((
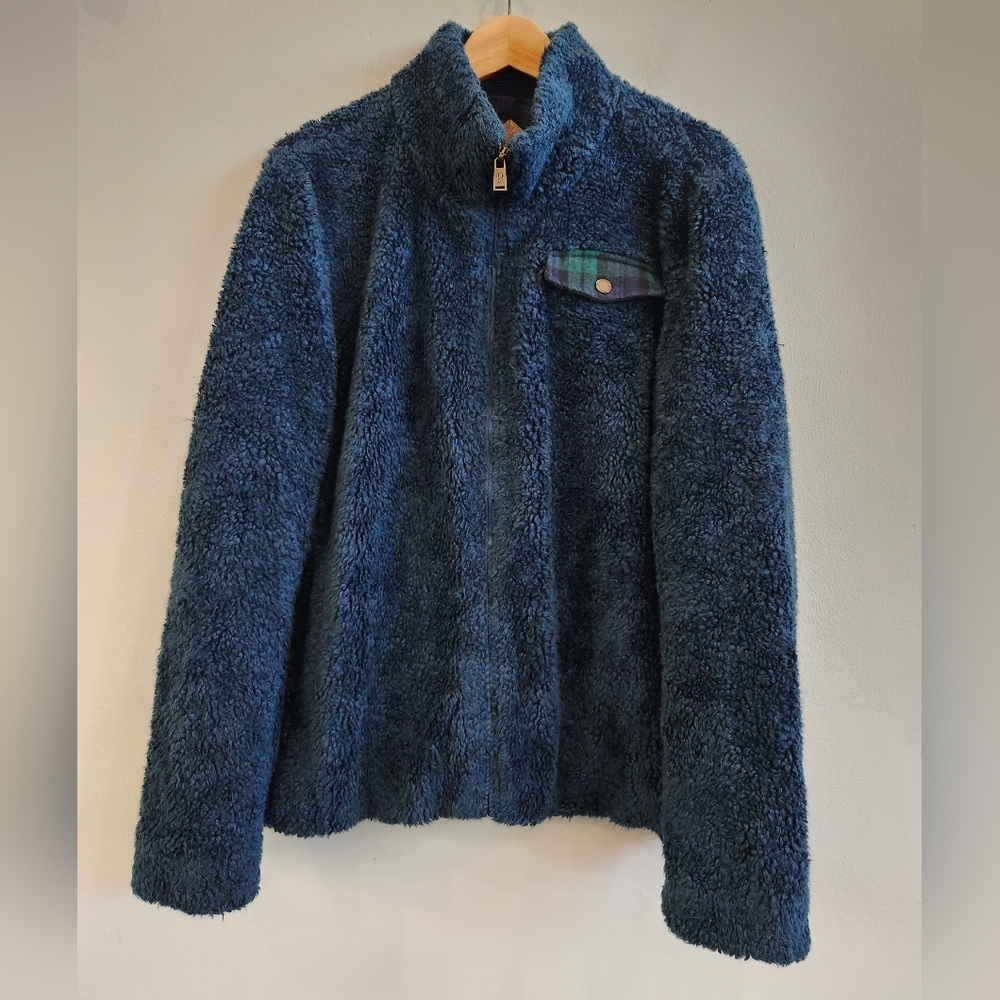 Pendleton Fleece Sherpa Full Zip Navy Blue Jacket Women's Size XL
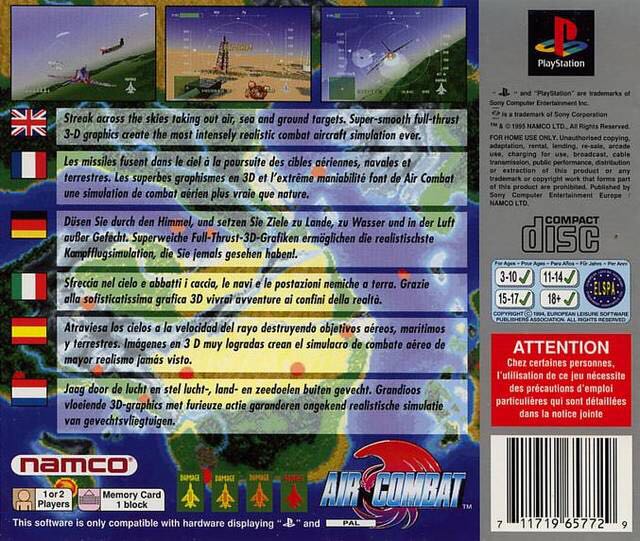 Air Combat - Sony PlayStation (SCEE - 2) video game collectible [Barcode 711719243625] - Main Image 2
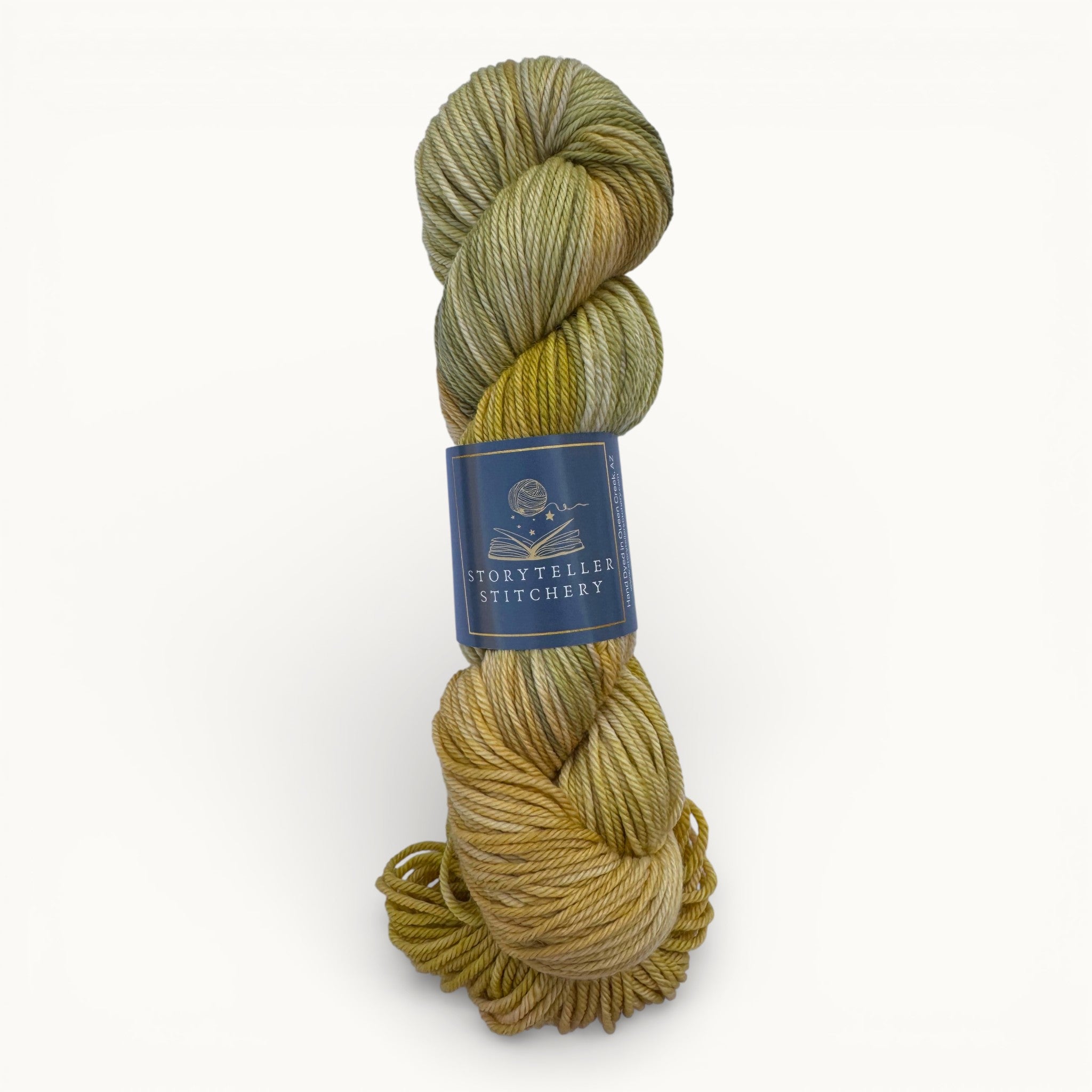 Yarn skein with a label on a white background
))
Print the listing exactly, images excluded.

 Pendleton Fleece Sherpa Full Zip Navy Blue Jacket Women's Size XL
 Air Combat - Sony PlayStation (SCEE - 2) video game collectible [Barcode 711719243625] - Main Image 2
 Yarn skein with a label on a white background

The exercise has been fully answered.